§ **Exercise instructions**: Exactly the lines below from the line with "581x600 Cartoon Black" through the line with "Nordic Wooden Pleated" must make up the answer, both ends included and pictures left out.

═══ Stored data ═══

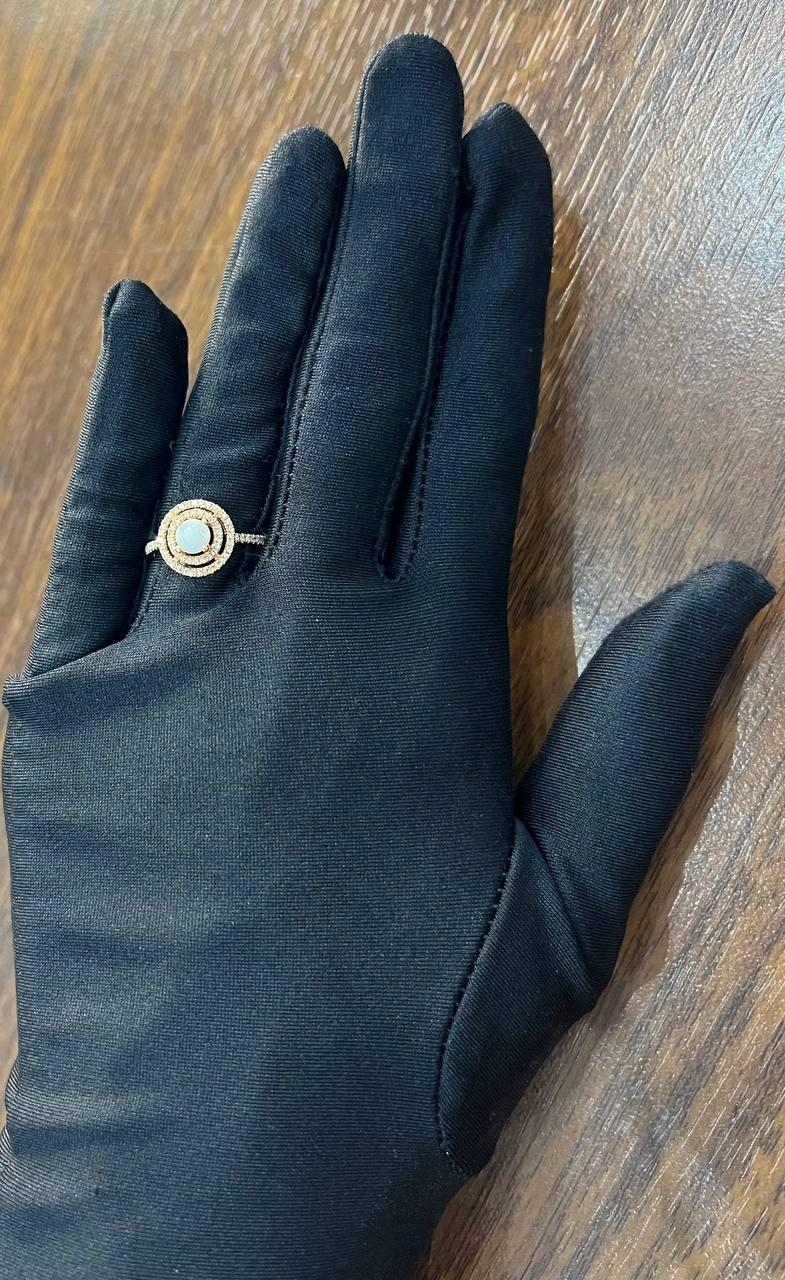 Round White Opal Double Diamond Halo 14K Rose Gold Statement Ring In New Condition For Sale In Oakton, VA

═══
═══ Stored data ═══

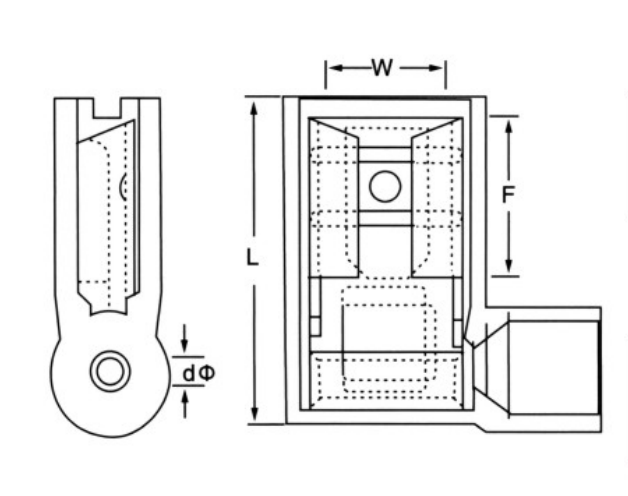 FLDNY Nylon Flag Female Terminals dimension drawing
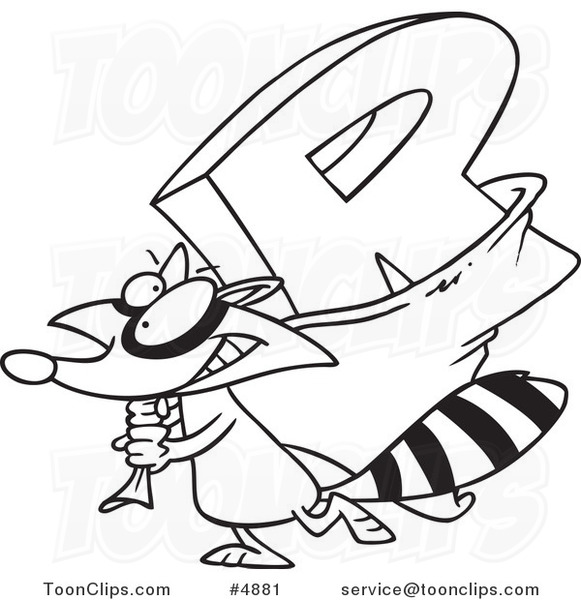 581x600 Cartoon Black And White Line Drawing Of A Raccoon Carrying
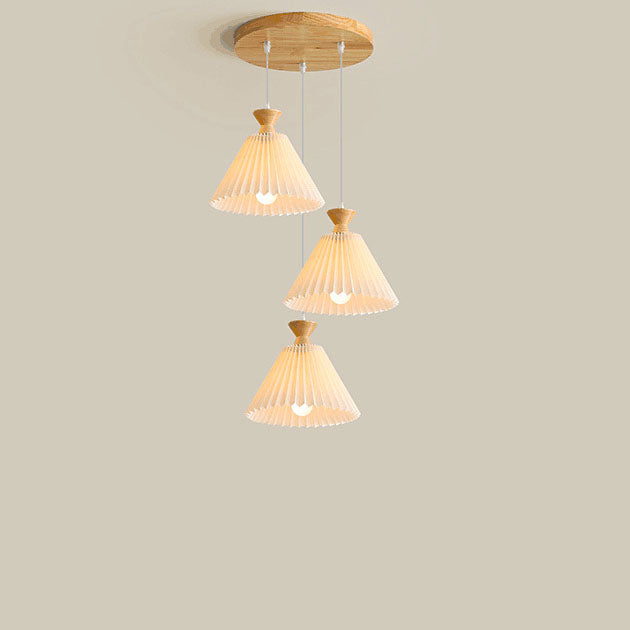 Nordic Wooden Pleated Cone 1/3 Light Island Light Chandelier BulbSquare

═══
═══ Stored data ═══

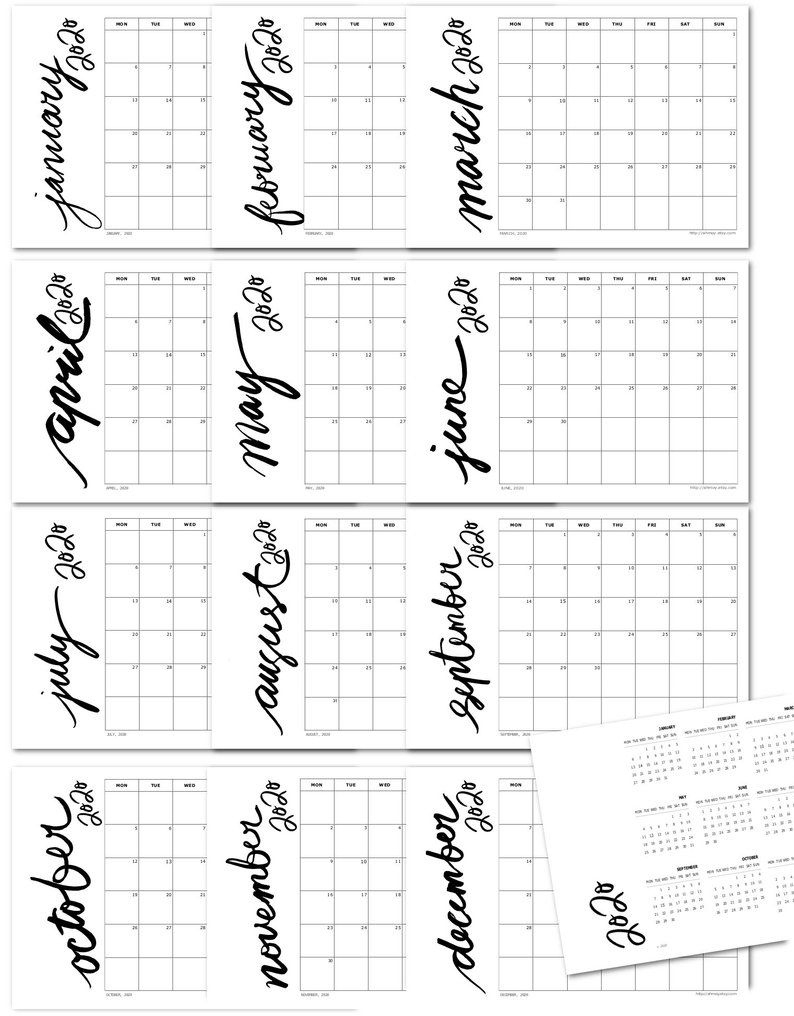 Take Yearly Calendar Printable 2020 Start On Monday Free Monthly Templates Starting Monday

═══

§ **Task response**:
 581x600 Cartoon Black And White Line Drawing Of A Raccoon Carrying
 Nordic Wooden Pleated Cone 1/3 Light Island Light Chandelier BulbSquare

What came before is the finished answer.